(Task inputs)

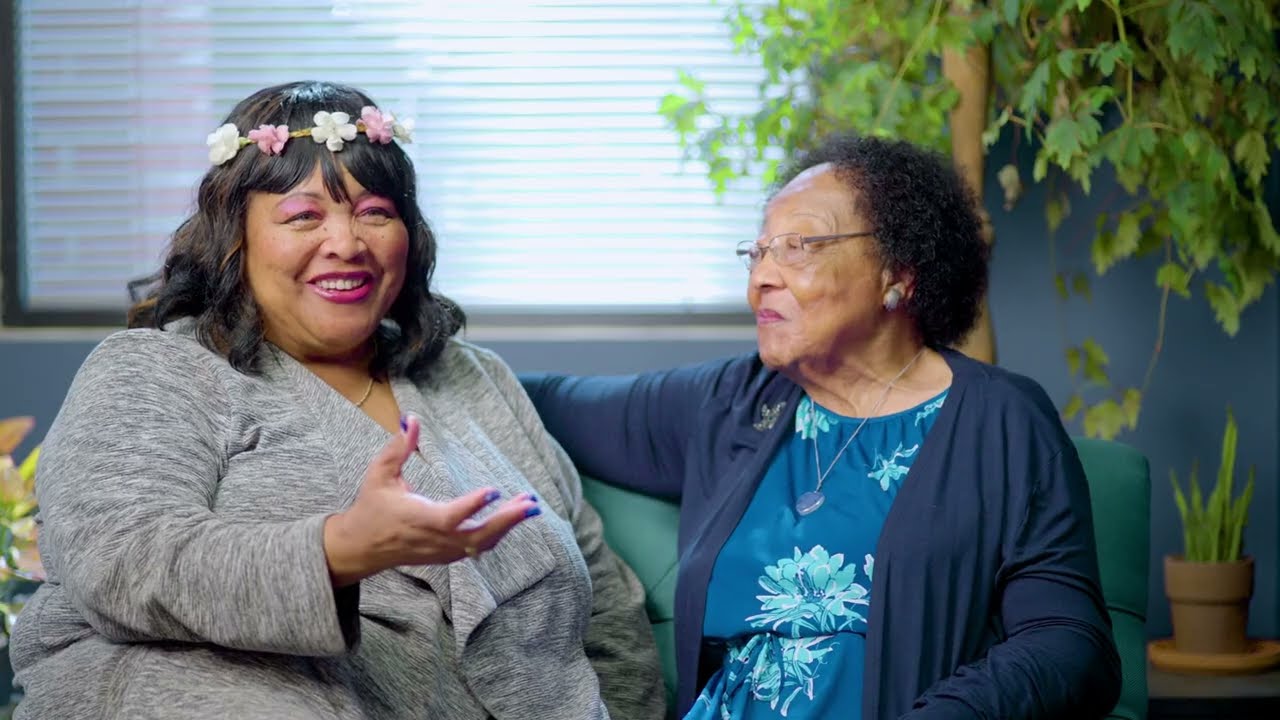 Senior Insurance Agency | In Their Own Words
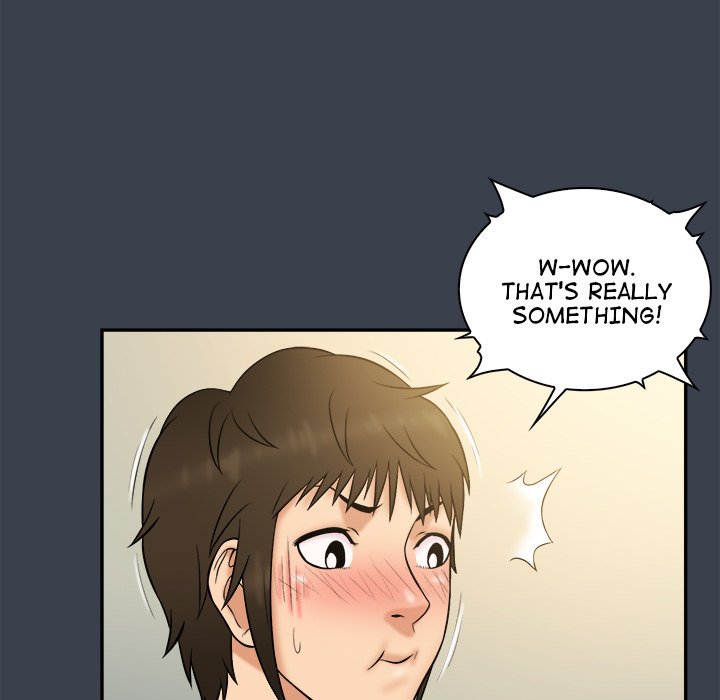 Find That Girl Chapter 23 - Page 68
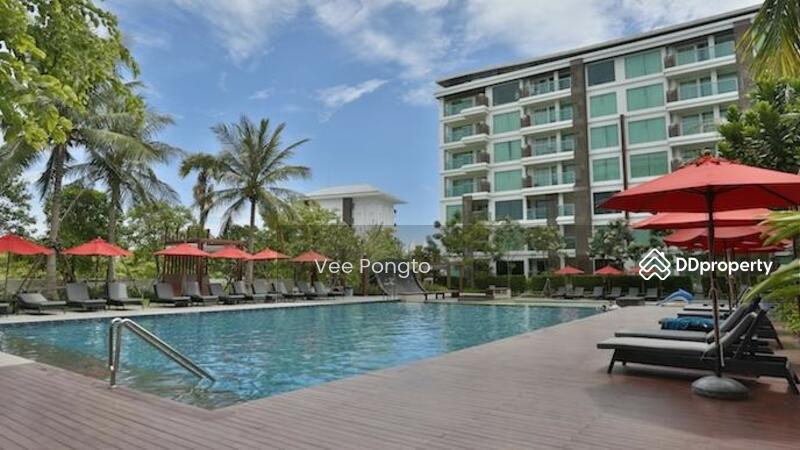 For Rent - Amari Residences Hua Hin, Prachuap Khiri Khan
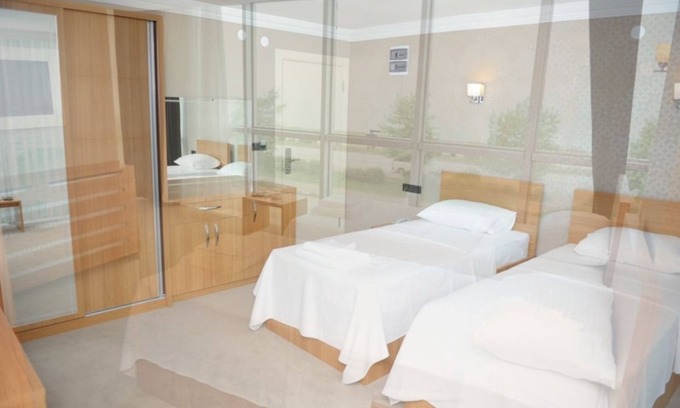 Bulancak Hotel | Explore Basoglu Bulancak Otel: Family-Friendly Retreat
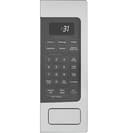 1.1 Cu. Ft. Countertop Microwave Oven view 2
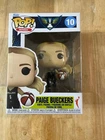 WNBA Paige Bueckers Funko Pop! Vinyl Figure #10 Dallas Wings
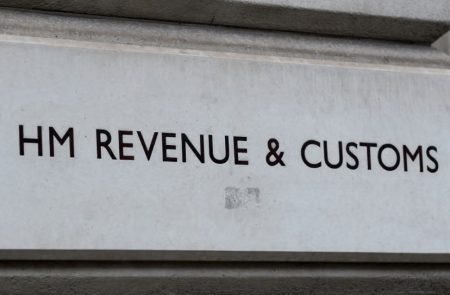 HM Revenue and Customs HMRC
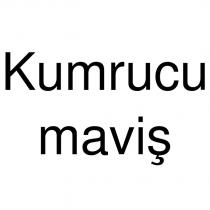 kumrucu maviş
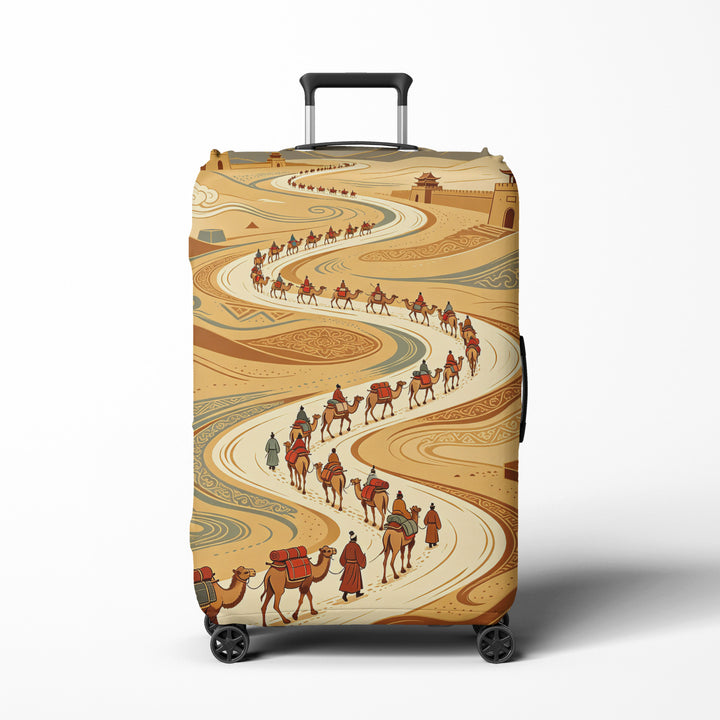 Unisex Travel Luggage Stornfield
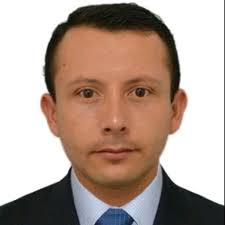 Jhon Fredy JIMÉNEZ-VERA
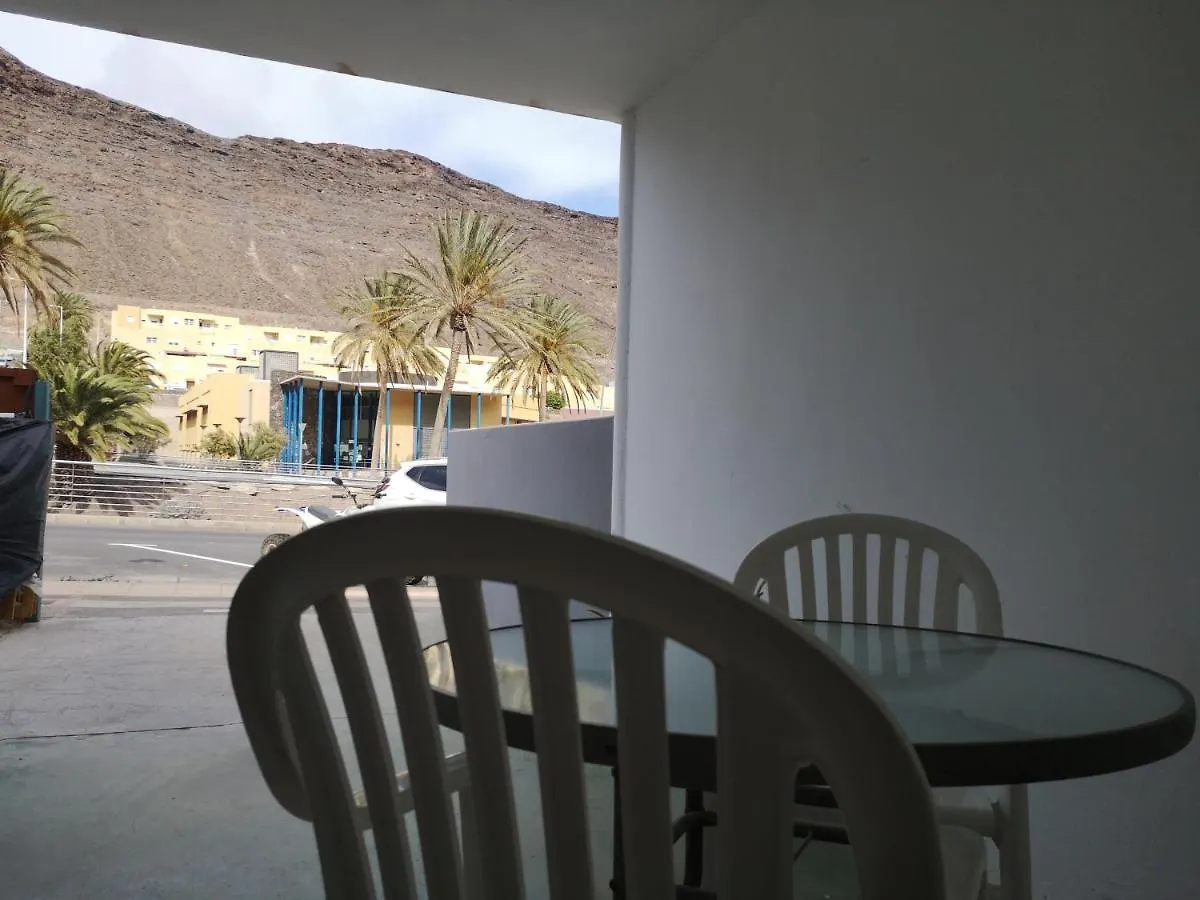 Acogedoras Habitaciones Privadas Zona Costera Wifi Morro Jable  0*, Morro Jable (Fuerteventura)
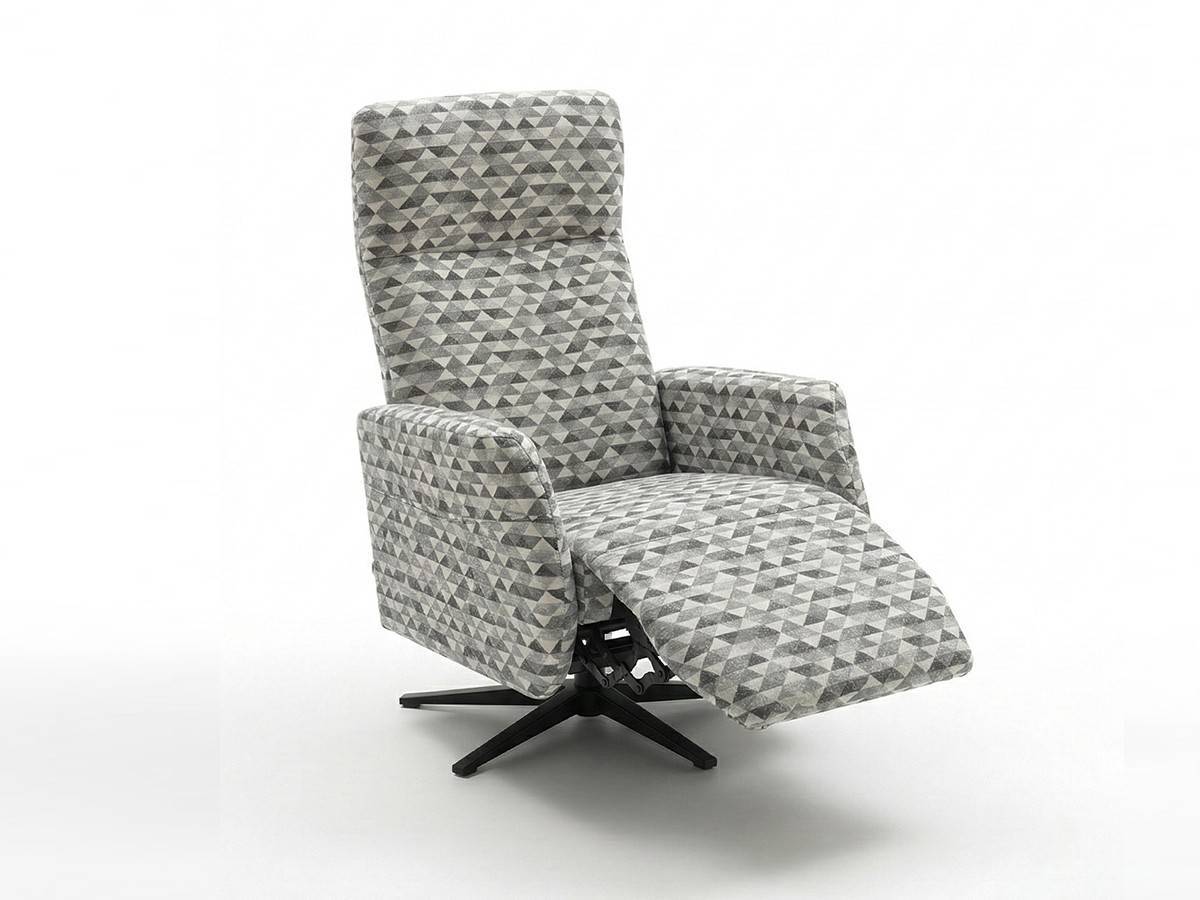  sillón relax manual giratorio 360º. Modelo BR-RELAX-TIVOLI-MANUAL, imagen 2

(End Task inputs)

- _Exercise objective_
Before answering, please find the line containing "1.1 Cu. Ft. Countertop Microwave Oven view 2" above, then copy exactly from it through the last line of the entries, both included, without pictures.

- _Problem solution_
 1.1 Cu. Ft. Countertop Microwave Oven view 2
 WNBA Paige Bueckers Funko Pop! Vinyl Figure #10 Dallas Wings
 HM Revenue and Customs HMRC
 kumrucu maviş
 Unisex Travel Luggage Stornfield
 Jhon Fredy JIMÉNEZ-VERA
 Acogedoras Habitaciones Privadas Zona Costera Wifi Morro Jable  0*, Morro Jable (Fuerteventura)
  sillón relax manual giratorio 360º. Modelo BR-RELAX-TIVOLI-MANUAL, imagen 2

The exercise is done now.